El trabajo es la fuente de casi toda la miseria existente en el mundo. Casi todos los males que se pueden nombrar proceden del trabajo o de vivir en un mundo diseñado en función del trabajo. Para dejar de sufrir, hemos de dejar de trabajar.
Así de explícito y de contundente empieza este alegato contra el trabajo, o mejor dicho, contra el sistema que nos hemos/nos han dado para organizar nuestras vidas y hacer que todo gire sobre una actividad profundamente insatisfactoria y, en general, nada creativa.
Quiero citar otras líneas,referidas a él mismo, pero que me atañen también a mí: Yo, por ejemplo, disfrutaría enseñando (un poco), pero no quiero saber nada de estudiantes obligados a asistir a clase y me niego a hacerles la pelota a patéticos pedantes para obtener una plaza.

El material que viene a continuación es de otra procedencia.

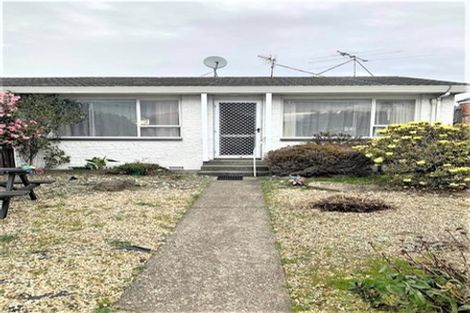 Photo of property in 2/19 Jenkin Street, Strathern, Invercargill, 9812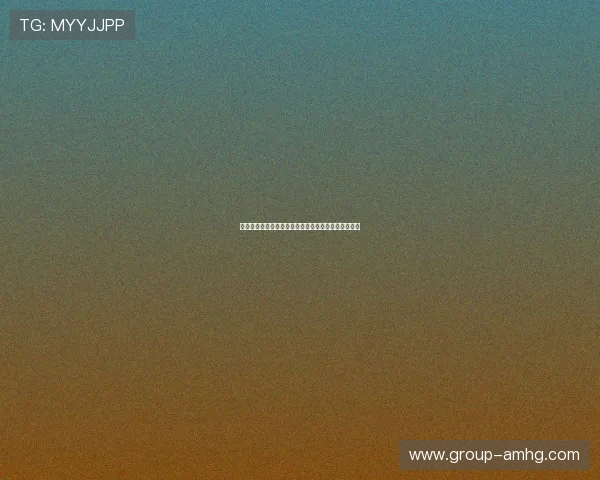 澳门凯旋门租赁优势及注意事项,让您的投资事半功倍 澳门凯旋门租赁优势及注意事项,让您的投资事半功倍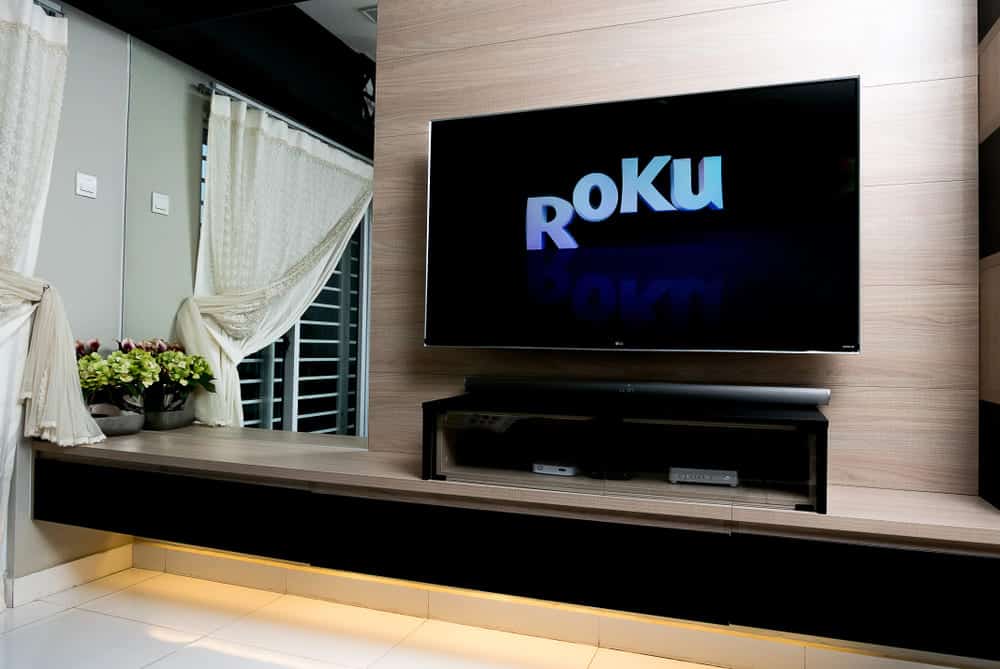 Roku Keeps Freezing And Restarting 8 Ways To Fix Internet Access Guide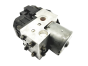 Pumpa Abs Citroen Xsara Picasso 9633666580 0273004353 46021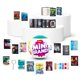 thumbnail image 2 of Toy ZURU Mini Brands Libros Serie 1 Lote Sorpresa, 2 of 5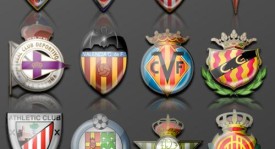 西甲赛场：马竞主场苏亚雷斯关键助攻险胜强敌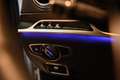 Mercedes-Benz S 500 PLUG-IN HYBRID Lang - AMG - Massage - Vlakkenverwa Gris - thumbnail 14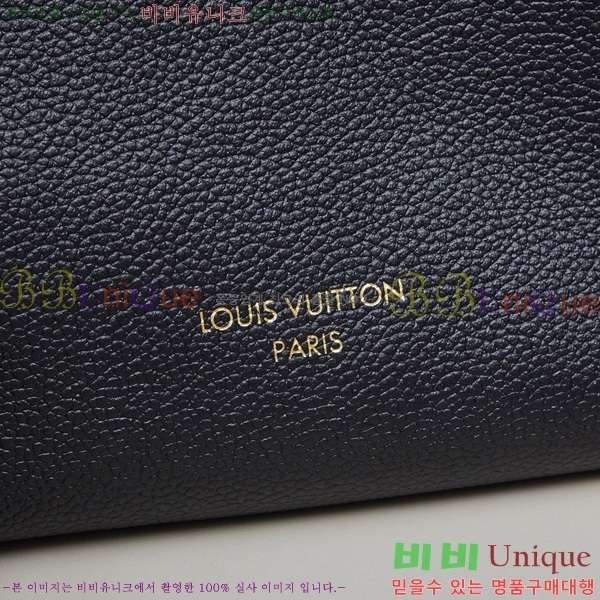 ̺ ο Ű  BB M25543-2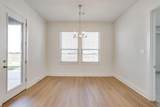 10611 Rye Bread Lane - Photo 15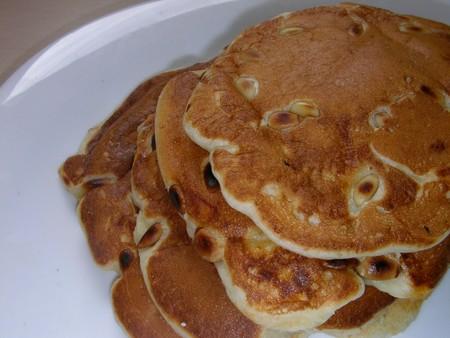 Pancakes5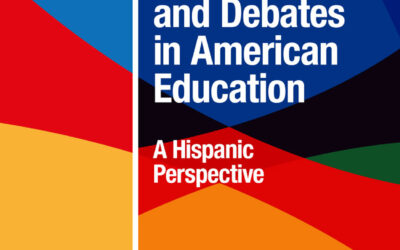 Trends and Debates in American Education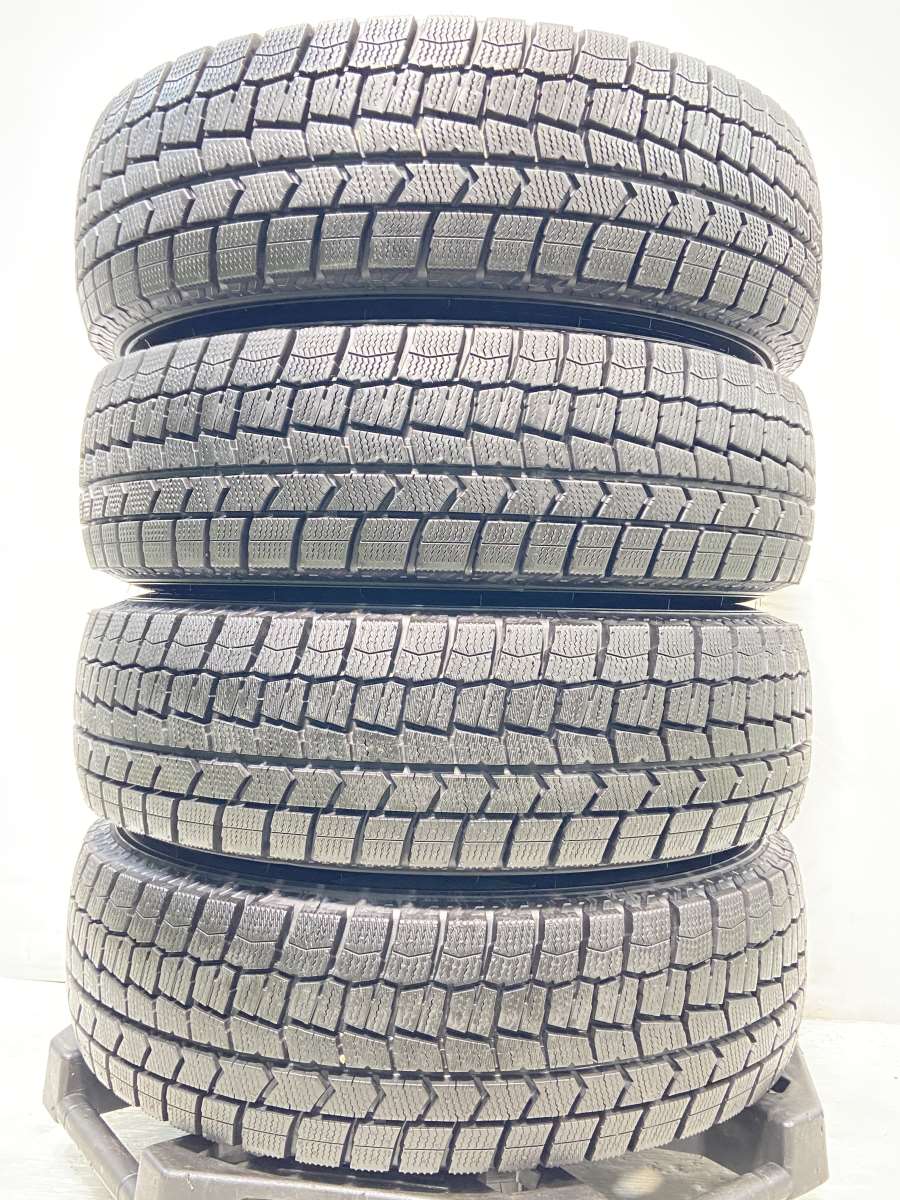 楽天市場】185/70R14 ダンロップ ウィンターマックス WM02 SCHWARZ MV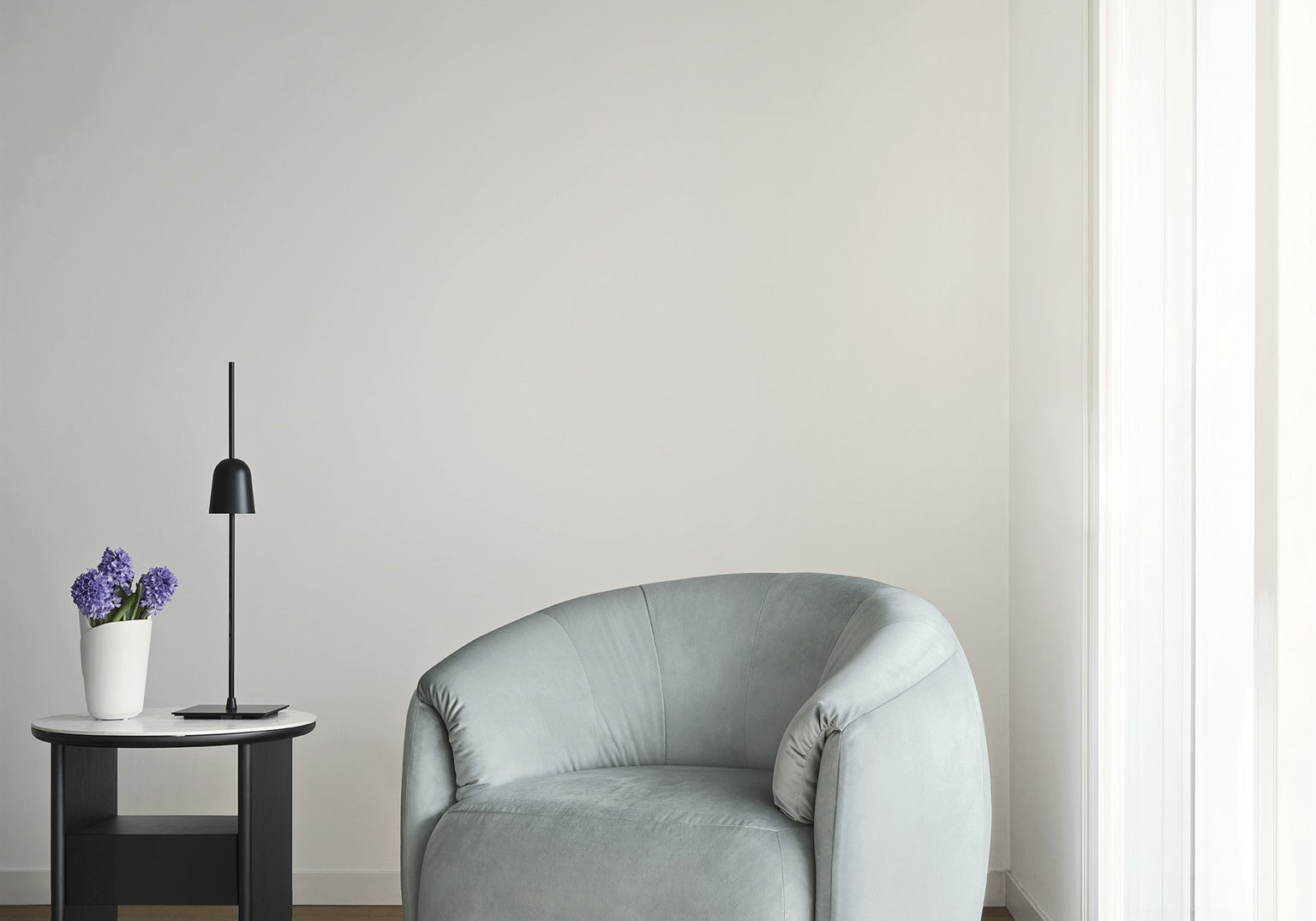 FOTEL HAVEN OD CALLIGARIS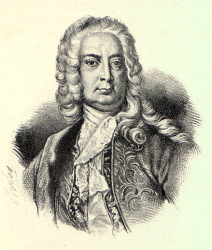 10 июля () 10 июля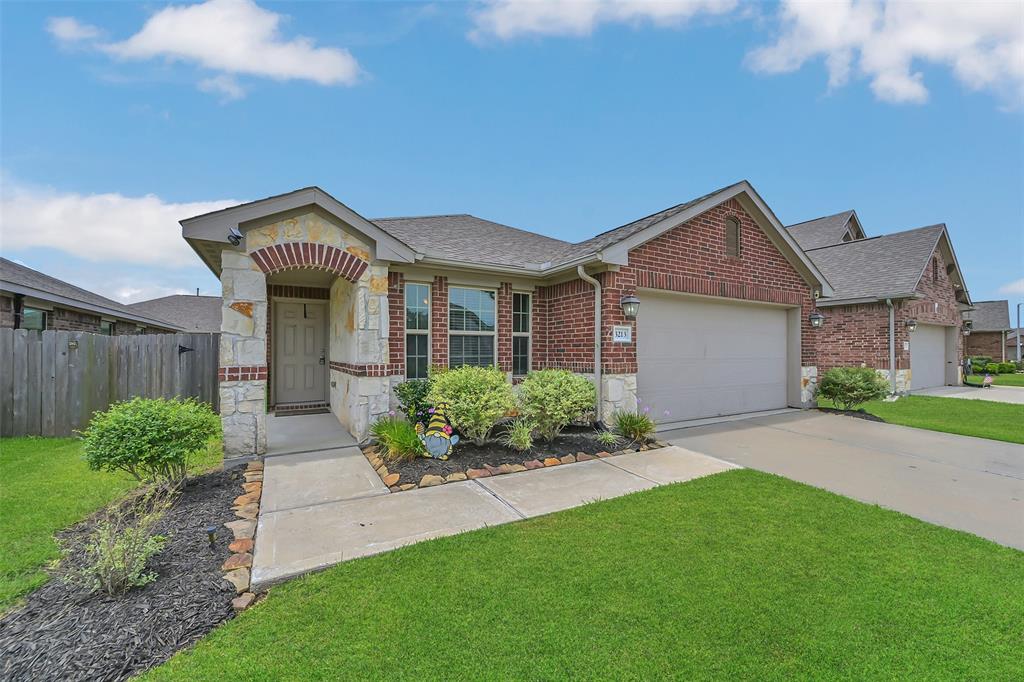3213 Hatteras Drive, Texas City, Texas image 37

Yo, por desgracia, ya hice la pelota a los pedantes, pero me canso casi todas las semanas en una estéril lucha con compañeros a los que les gusta asumir tareas y funciones de los pedantes incompetentes que dirigen el corralito de la educación y a los que resulta imposible hacerles ver que son la voz de su amo.
El texto, cómo no, es utópico, pero los argumentos y los datos que utiliza para la defensa, posible y real, de la actividad lúdica no son nada utópicos. Resulta difícil quitarse las orejeras para tener un campo de visión amplio, pero es necesario hacerlo para poder ver que la realidad no sólo es aquello que tenemos de frente.
Un opúsculo (68 páginas) muy recomendable, pariente de otros títulos como En defensa de los ociosos o El derecho a la pereza, que no exige ningún esfuerzo y, cuando menos, puede aportarnos alguna sonrisa y una mirada distinta sobre esa actividad a la que dedicamos tanto tiempo todos los días.